**Exercise brief**
Write out the entire listing below exactly as it appears, minus any pictures.

**Data listing**
════════

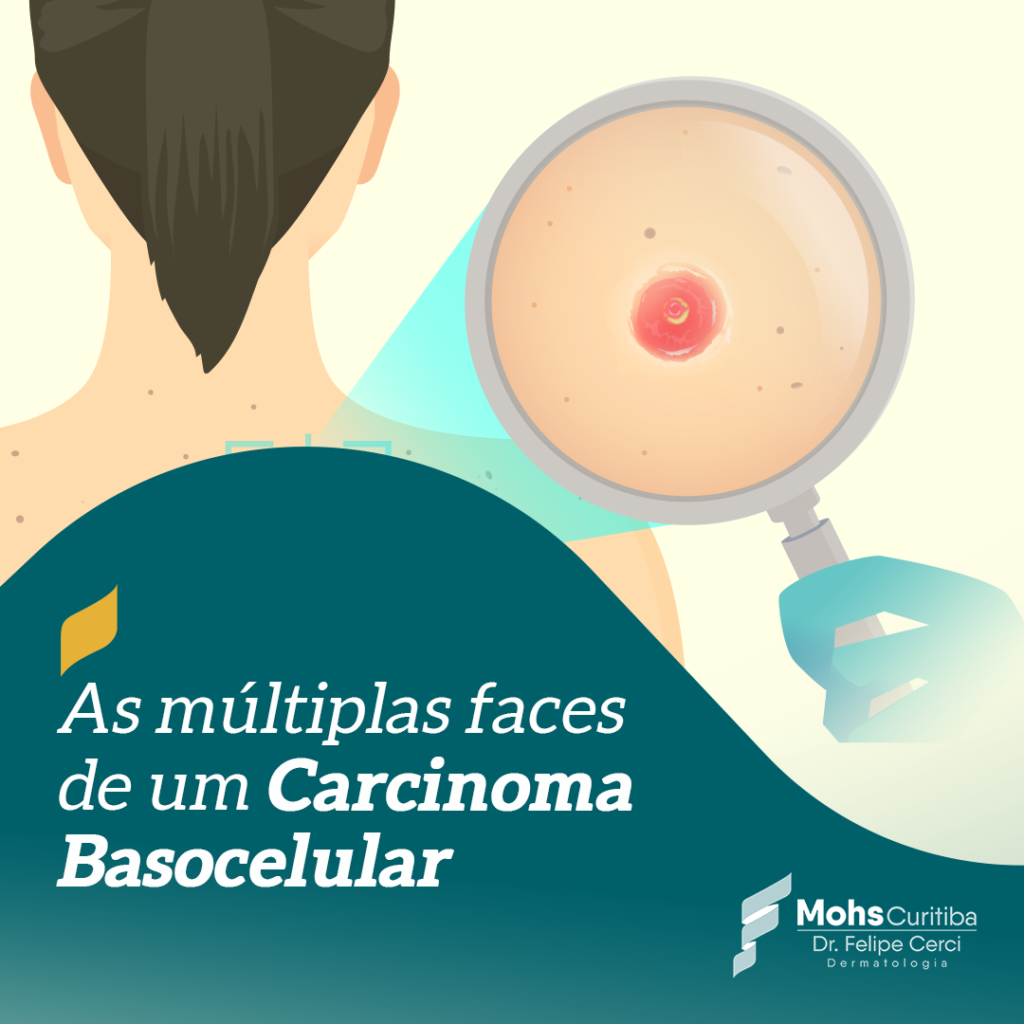 AS MÚLTIPLAS FACES DE UM CARCINOMA BASOCELULAR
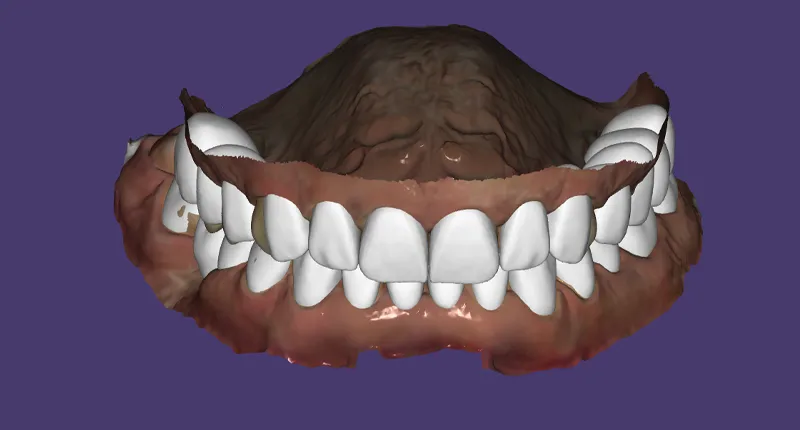 Dijital Prova (Mock-up) Yanıltır mı? Provadaki Gülüşün Birebir Kopyalanması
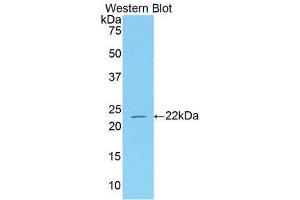 Western Blotting (WB) image for anti-Neuropilin 1 (NRP1) (AA 645-821) antibody (ABIN1173426) (Neuropilin 1 Antikörper  (AA 645-821))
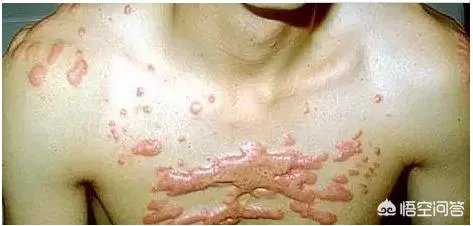 疤痕疙瘩是怎么形成的，有什么好的治疗方法？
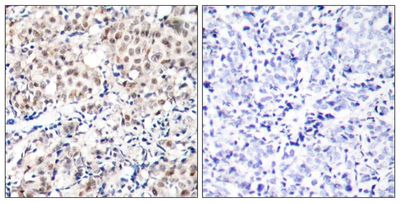 p27Kip1 (Phospho-Thr187) Rabbit Polyclonal Antibody, 100 ug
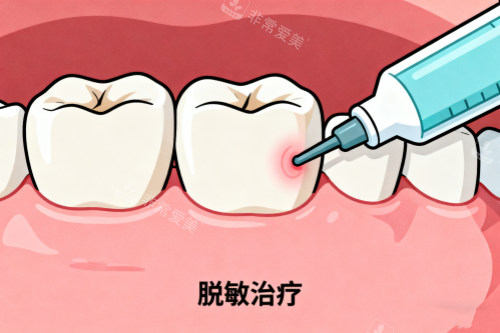 牙齿敏感治疗卡通图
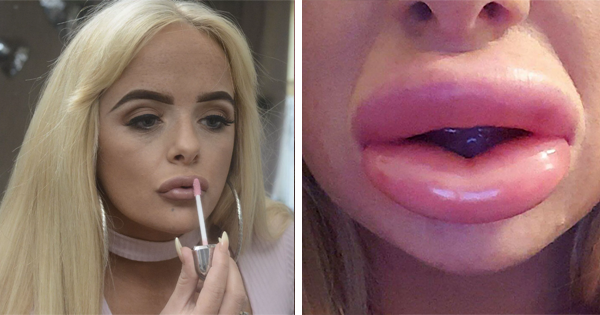 After Getting Cheap Lip Fillers, Her Lips Look Like Sausages Hanging Off Her Face.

════════

**Response**
 AS MÚLTIPLAS FACES DE UM CARCINOMA BASOCELULAR
 Dijital Prova (Mock-up) Yanıltır mı? Provadaki Gülüşün Birebir Kopyalanması
 Western Blotting (WB) image for anti-Neuropilin 1 (NRP1) (AA 645-821) antibody (ABIN1173426) (Neuropilin 1 Antikörper  (AA 645-821))
 疤痕疙瘩是怎么形成的，有什么好的治疗方法？
 p27Kip1 (Phospho-Thr187) Rabbit Polyclonal Antibody, 100 ug
 牙齿敏感治疗卡通图
 After Getting Cheap Lip Fillers, Her Lips Look Like Sausages Hanging Off Her Face.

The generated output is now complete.